Frauen in der Landwirtschaft sollten finanzielle Absicherung rechtzeitig klären
Von Silke Bromm-Krieger
Landwirtinnen auf den Höfen stehen ihre Frau. Sie tragen mit ihrer Arbeit maßgeblich zum Betriebserfolg bei. Ihre finanzielle Absicherung sollte deshalb eine Selbstverständlichkeit sein. Foto: Veronika Grossenbacher

Frauen auf den Höfen sollten sich rechtzeitig um eine eigene finanzielle Absicherung ­kümmern. Schnell kann ihre ­Lebensgrundlage durch eine Trennung, Scheidung oder den Tod des Partners gefährdet sein, weiß Angelika Sigel. Die Diplom-­Agraringenieurin und systemische Familientherapeutin arbeitet seit über 30 Jahren bei einer landwirtschaftlichen Familien­beratungsstelle.

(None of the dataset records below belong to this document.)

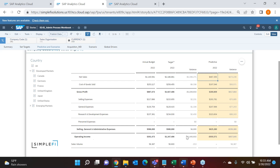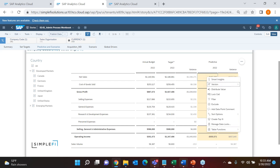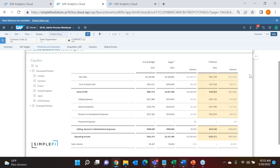This predictive feature doesn't have to be applied to operating income — you could focus just on volumes, or just on revenue. You can specifically point the system to run that predictive forecast on whatever measure you want. These are just a couple of the different ways you can plan in SAC: bottoms-up, top-down target, and predictive. Now I'm going to talk about plan simulation.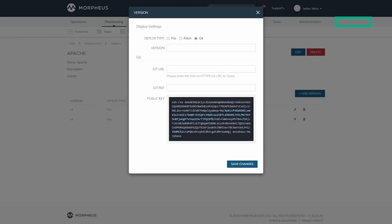It's worth noting that in the current version of Morpheus, this key pair is shared across the account and is not specifically scoped to the user, so it may be advisable to connect this integration to a deployment account in Git.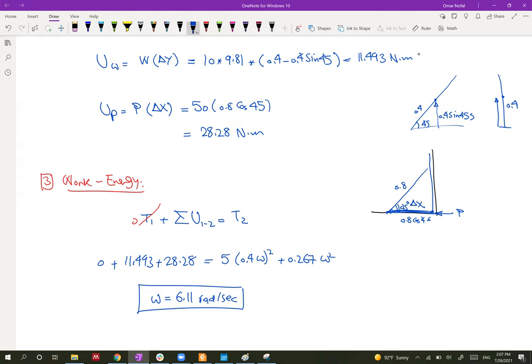This is the end of Chapter 18 on work and energy. I'll now solve one additional optional example for extra practice. You are free to continue watching or stop here.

Immer wieder erlebt die Beraterin, dass Frauen in einer Trennungssituation fachlichen Beistand bei ihr suchen. Die Geschichten, die sie erzählen, ähneln sich. So hatten sich etliche auf dem landwirtschaftlichen Betrieb ihres Mannes mit Herzblut und Know-how eingebracht. Oft gaben sie dafür ihre eigene Erwerbstätigkeit auf oder reduzierten diese. Schließlich wollten sie tatkräftig mit anpacken, sich gemeinsam mit dem Partner etwas aufbauen. Manche butterten dafür sogar eigene Ersparnisse oder elterliche Erbteile zu. Teilweise arbeiteten sie unentgeltlich mit, versorgten Haus, Hof, Garten und Kinder und pflegten die Altenteiler und Altenteilerinnen.

Bevor eine Krise kommt

Erst als es in der Beziehung nach Jahren irgendwann zu kriseln begann, wurde ihnen schmerzlich bewusst, dass sie sich vorher nicht genügend Gedanken um ihre Risikoabsicherung gemacht hatten. Häufig mussten sie deshalb nach der Trennung mit leeren Händen vom Hof gehen und in eine finanziell ungewisse Zukunft starten. „Damit das nicht passiert, ist es wichtig, dass ein Paar früh und in konfliktfreien Zeiten offen über das Thema der finanziellen Absicherung der Frau spricht. Es darf kein Tabu sein. Auch wenn dies auf den ersten Blick unangenehm sein mag, beugt es doch späteren Enttäuschungen und Streitigkeiten vor“, ist Angelika Sigel überzeugt. Sich über die Rechtslage gründlich zu informieren und mit einer Anwältin oder einem Anwalt oder einer Notarin oder einem Notar einen entsprechenden Ehevertrag aufzusetzen, hält sie keineswegs für unromantisch oder übertrieben, sondern für selbstverständlich und dringend geboten.

Klare Regelungen

„Dabei muss es Ziel sein, zu unmissverständlichen, einvernehmlichen und tragbaren Regelungen zu kommen, die auf die jeweiligen Gegebenheiten, die wirtschaftlichen Möglichkeiten des Betriebs und die individuellen Bedürfnisse abgestimmt sind“, stellt die Beraterin heraus. Es lauerten bei diesem komplexen Thema einige Fallstricke, die es zu vermeiden gelte. „So hörte ich von einer Landwirtsfrau, die nach langer Ehe, in der sie auf dem Hof fleißig mitgeschafft hatte, beim Vermögensausgleich im Rahmen ihrer Scheidung keinen Cent bekam, weil eben ein Ehevertrag fehlte. Mit einem solchen hätte sie beispielsweise die Chance gehabt, für ihre Mitarbeit einen festen Ausgleichsbetrag pro Ehejahr zu vereinbaren.“

Meist sei es so, dass ein landwirtschaftlicher Betrieb im Scheidungsfall nicht nach dem Verkehrswert, sondern dem erheblich niedrigeren Ertragswert bewertet werde. Dies diene zwar dem Erhalt des Betriebs, habe aber zur Folge, dass Eingeheiratete ohne eine zusätzliche vertragliche Regelung finanziell kaum etwas zu erwarten hätten.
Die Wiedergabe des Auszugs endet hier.